(Caption-style text data)
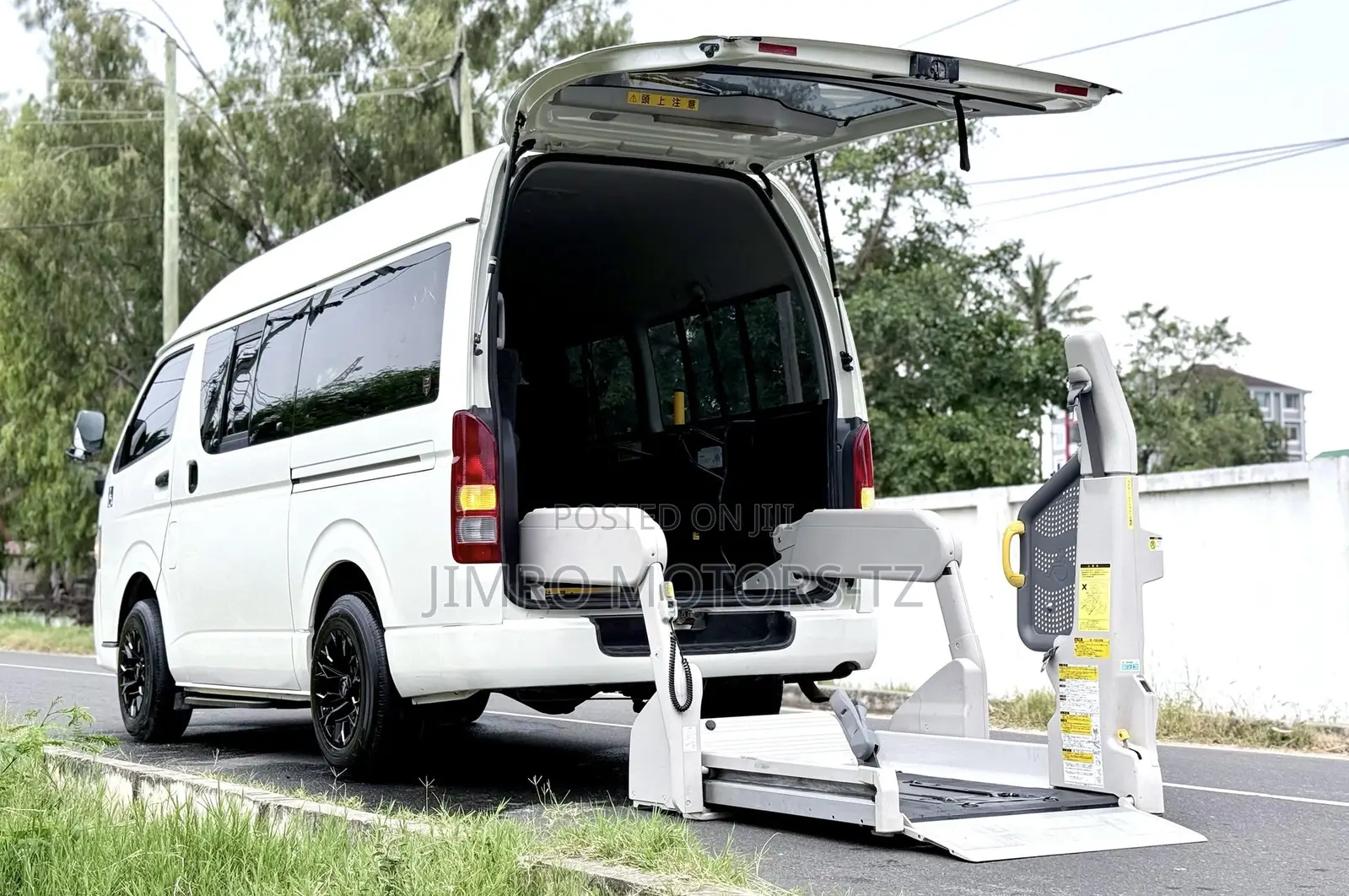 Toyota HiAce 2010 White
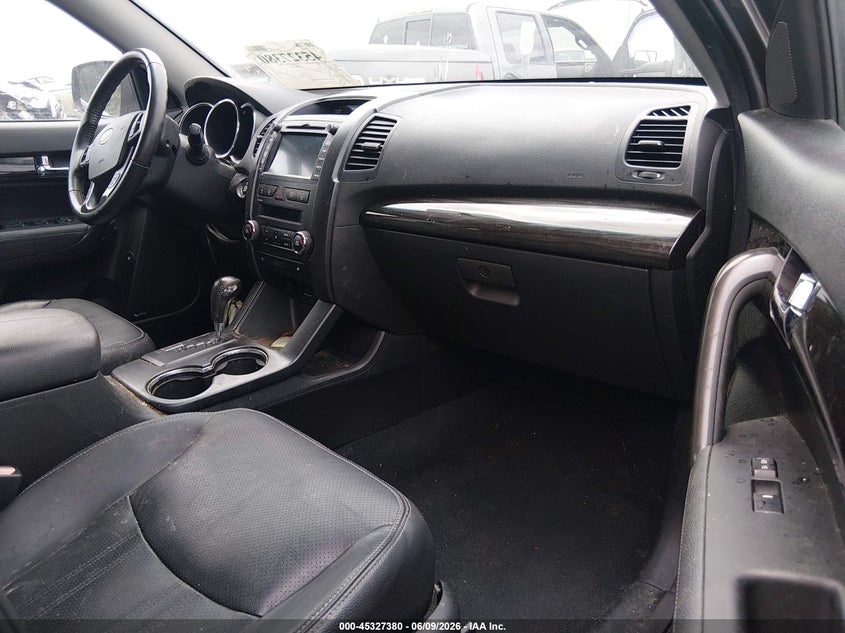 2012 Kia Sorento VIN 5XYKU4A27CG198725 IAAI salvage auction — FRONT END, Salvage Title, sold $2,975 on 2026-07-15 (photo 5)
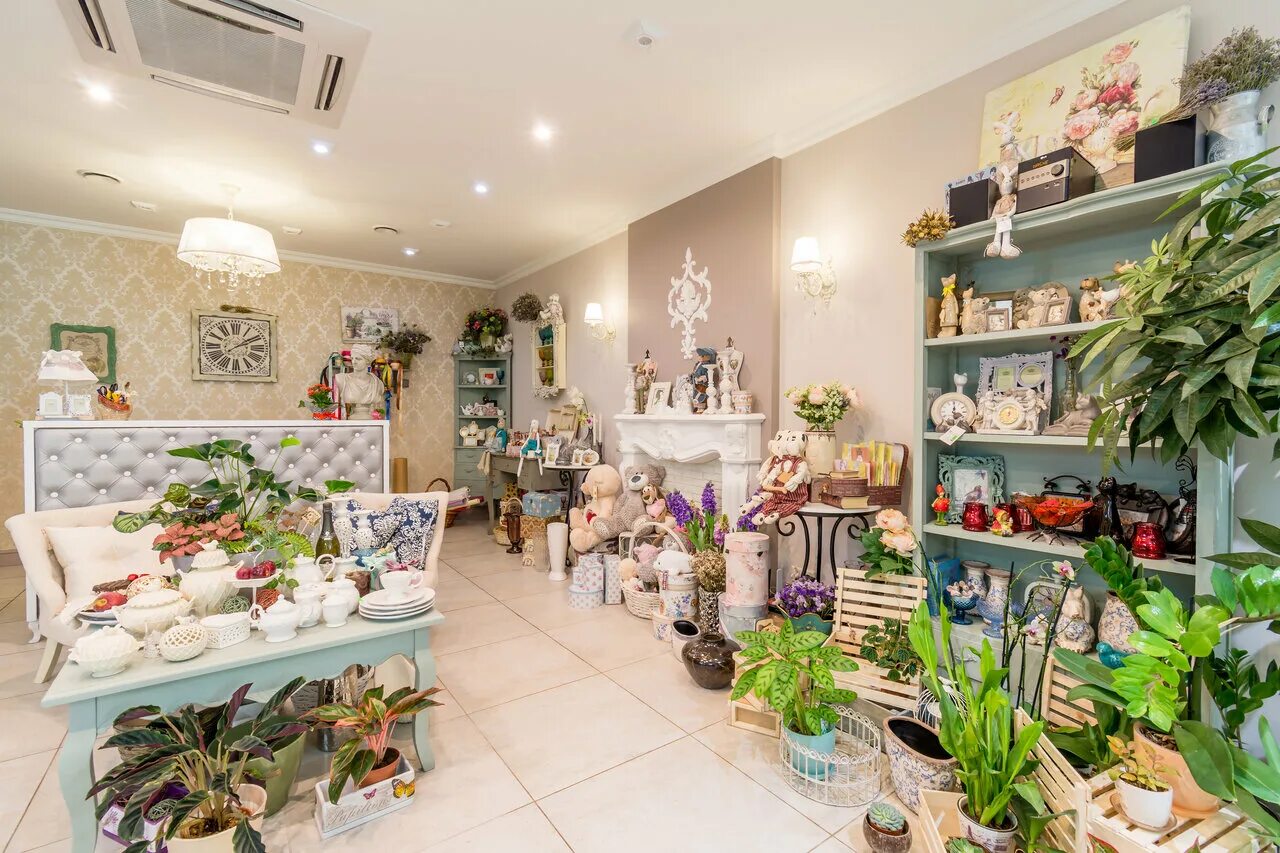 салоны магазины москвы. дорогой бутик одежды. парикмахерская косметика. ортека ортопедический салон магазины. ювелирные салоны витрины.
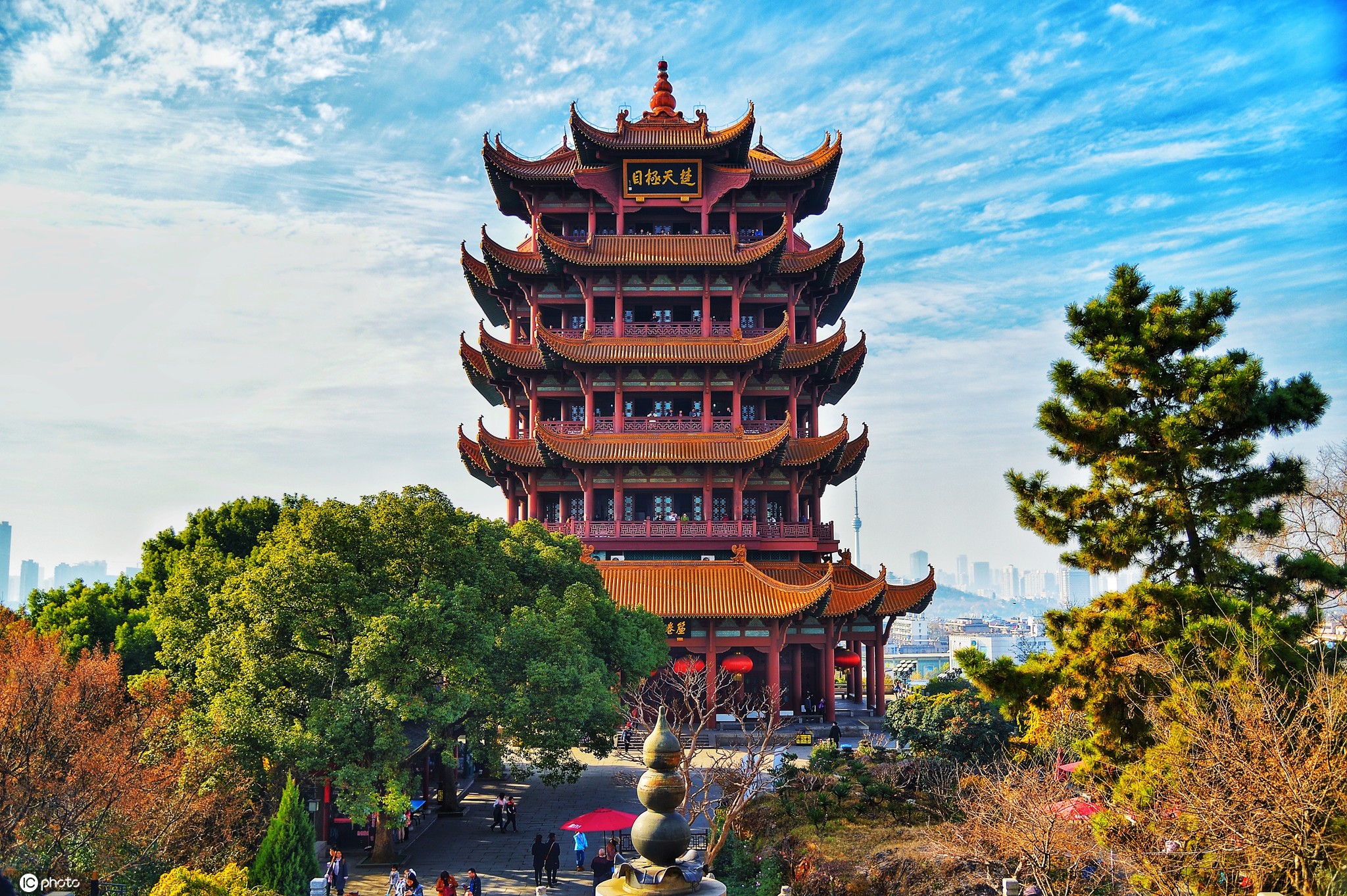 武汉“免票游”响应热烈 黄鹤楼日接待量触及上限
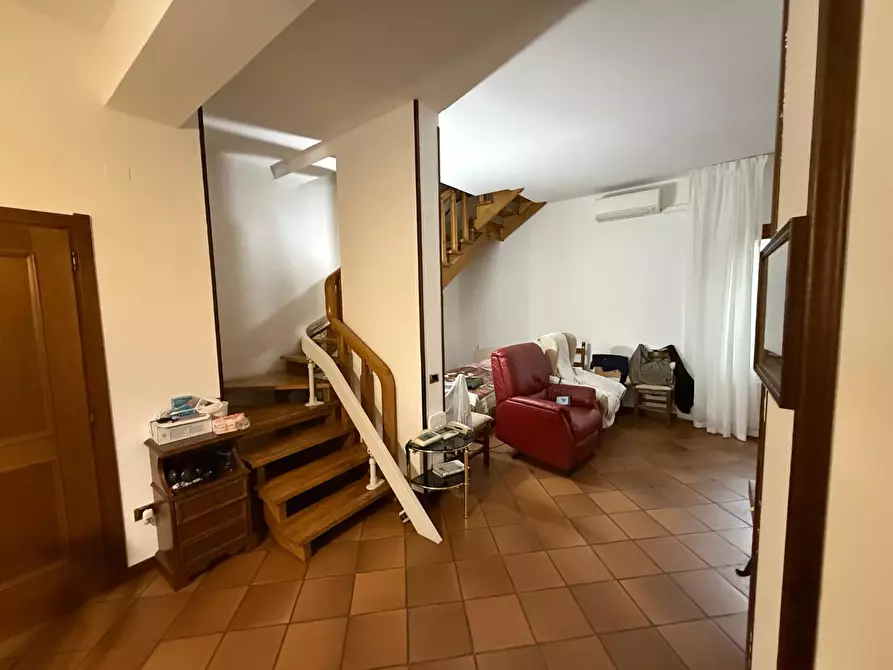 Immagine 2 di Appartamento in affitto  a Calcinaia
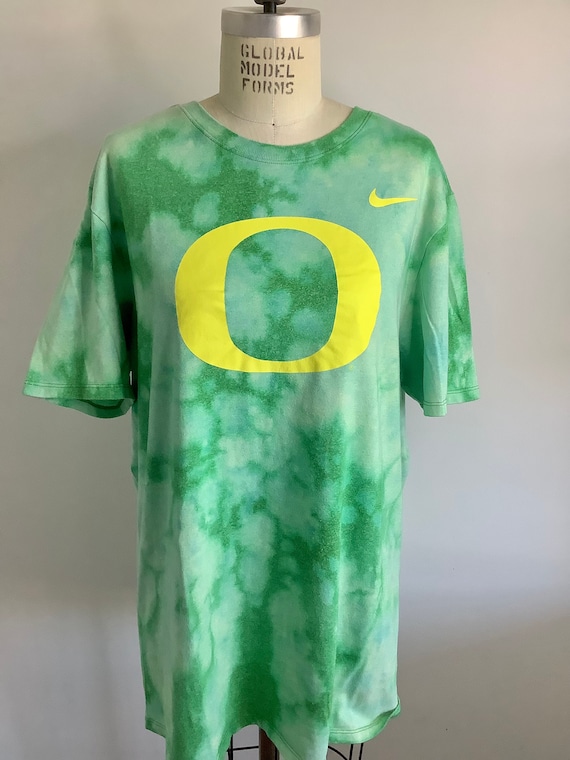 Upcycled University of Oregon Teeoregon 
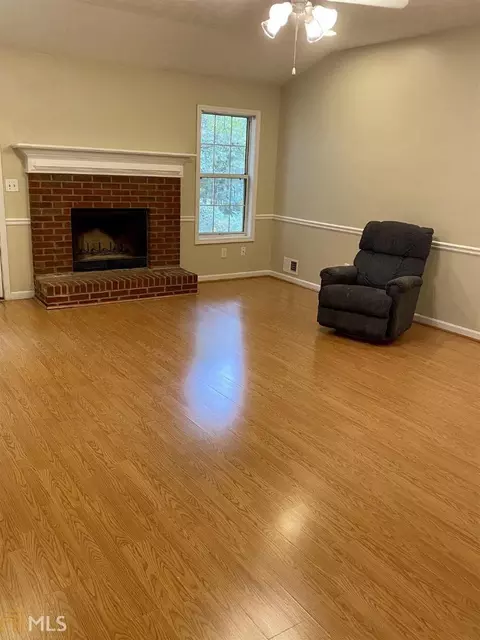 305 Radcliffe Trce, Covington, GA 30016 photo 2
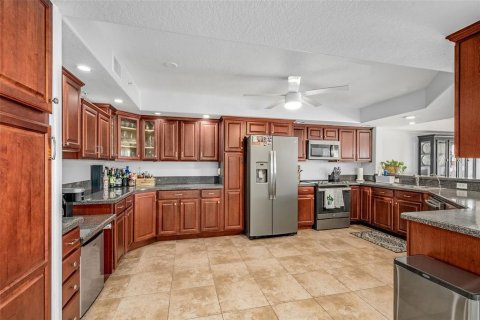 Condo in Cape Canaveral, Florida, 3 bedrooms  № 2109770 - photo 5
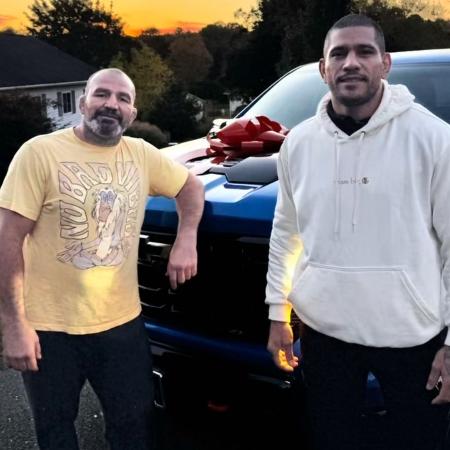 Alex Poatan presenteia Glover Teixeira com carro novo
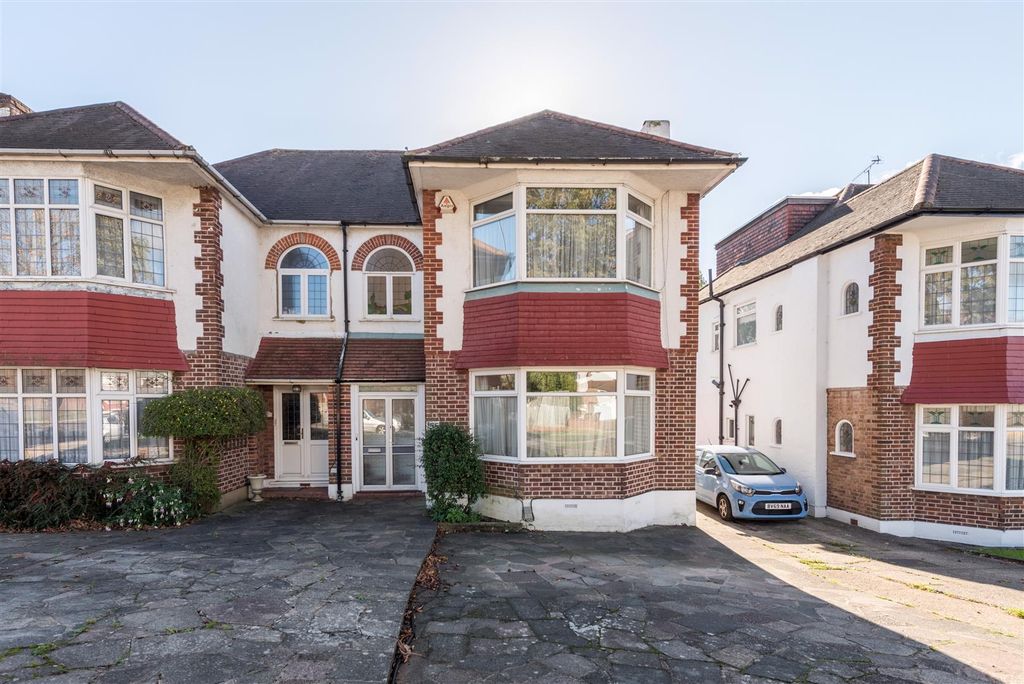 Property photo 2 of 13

Task instructions :: Your copy should match the entries exactly, minus the pictures.

Response to this exercise ::
 Toyota HiAce 2010 White
 2012 Kia Sorento VIN 5XYKU4A27CG198725 IAAI salvage auction — FRONT END, Salvage Title, sold $2,975 on 2026-07-15 (photo 5)
 салоны магазины москвы. дорогой бутик одежды. парикмахерская косметика. ортека ортопедический салон магазины. ювелирные салоны витрины.
 武汉“免票游”响应热烈 黄鹤楼日接待量触及上限
 Immagine 2 di Appartamento in affitto  a Calcinaia
 Upcycled University of Oregon Teeoregon 
 305 Radcliffe Trce, Covington, GA 30016 photo 2
 Condo in Cape Canaveral, Florida, 3 bedrooms  № 2109770 - photo 5
 Alex Poatan presenteia Glover Teixeira com carro novo
 Property photo 2 of 13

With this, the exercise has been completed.